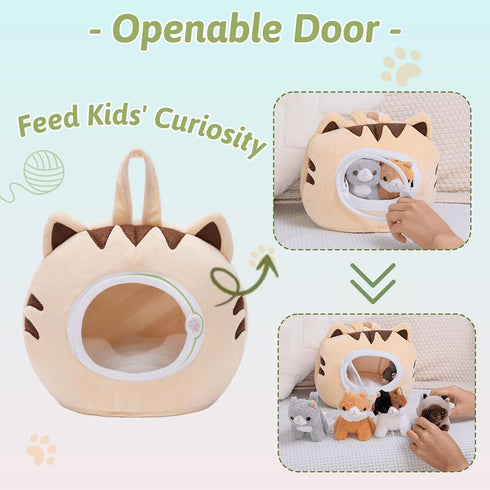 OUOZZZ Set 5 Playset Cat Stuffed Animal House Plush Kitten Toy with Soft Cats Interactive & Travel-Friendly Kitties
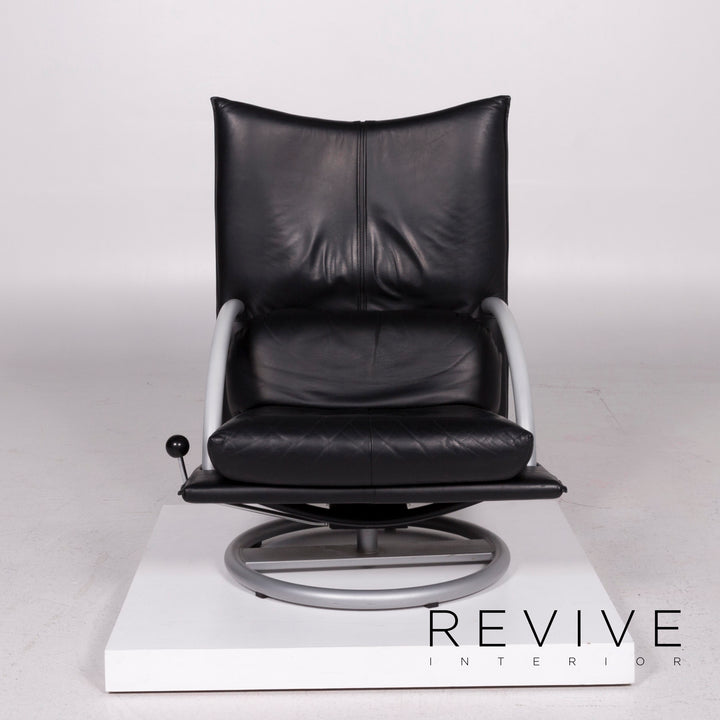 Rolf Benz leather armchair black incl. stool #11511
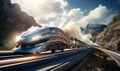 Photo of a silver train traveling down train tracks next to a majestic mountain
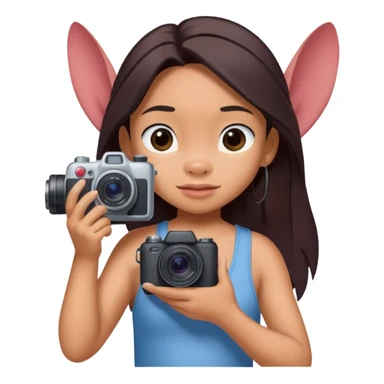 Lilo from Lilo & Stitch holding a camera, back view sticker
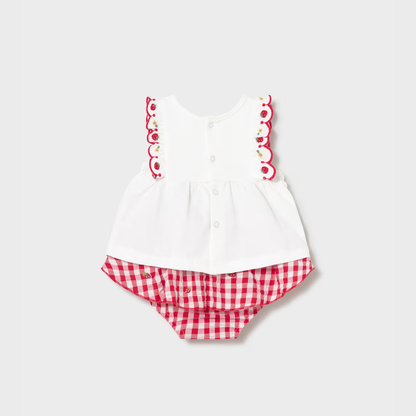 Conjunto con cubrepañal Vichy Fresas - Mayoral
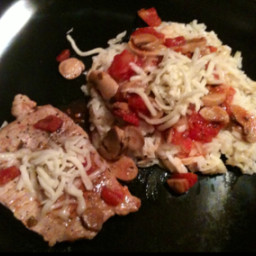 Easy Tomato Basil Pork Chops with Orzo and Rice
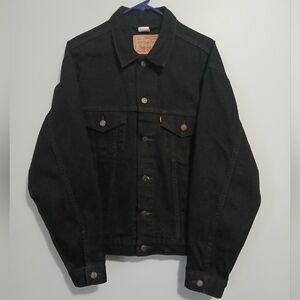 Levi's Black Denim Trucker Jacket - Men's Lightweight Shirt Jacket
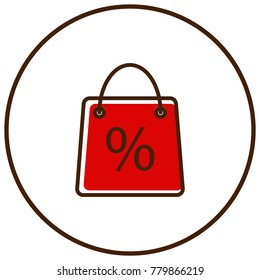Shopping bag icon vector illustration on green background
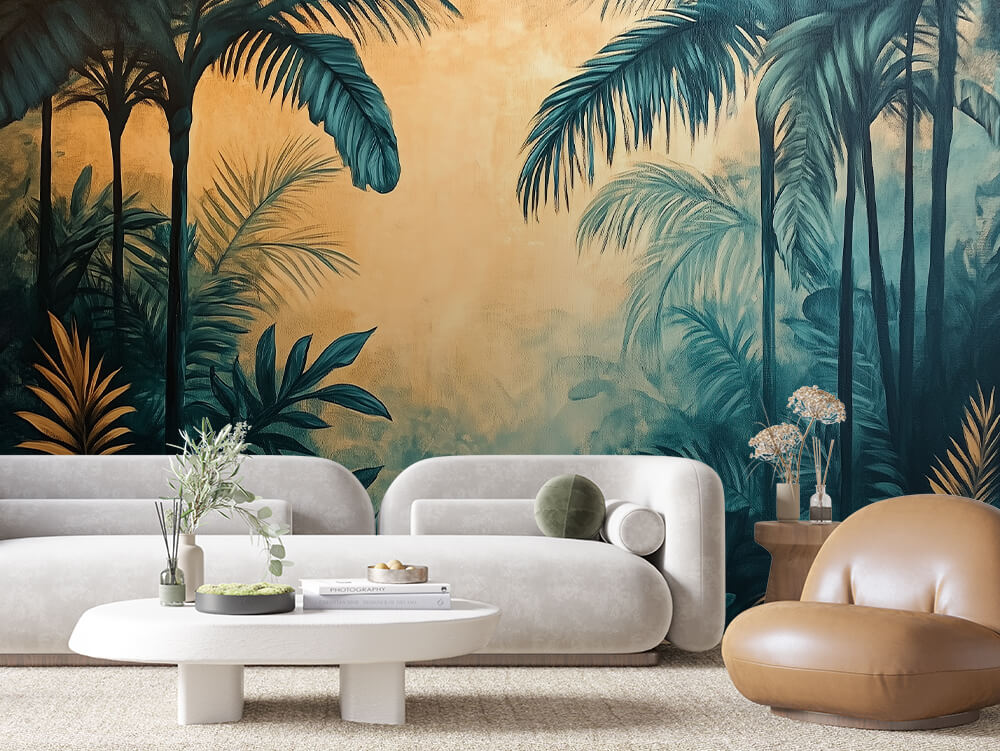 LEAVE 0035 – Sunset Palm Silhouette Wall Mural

§ §

→ What you need to do
Everything in the preceding material must be transcribed exactly, except the images.

→ Written answer
 OUOZZZ Set 5 Playset Cat Stuffed Animal House Plush Kitten Toy with Soft Cats Interactive & Travel-Friendly Kitties
 Rolf Benz leather armchair black incl. stool #11511
 Photo of a silver train traveling down train tracks next to a majestic mountain
 Lilo from Lilo & Stitch holding a camera, back view sticker
 Conjunto con cubrepañal Vichy Fresas - Mayoral
 Easy Tomato Basil Pork Chops with Orzo and Rice
 Levi's Black Denim Trucker Jacket - Men's Lightweight Shirt Jacket
Shopping bag icon vector illustration on green background
 LEAVE 0035 – Sunset Palm Silhouette Wall Mural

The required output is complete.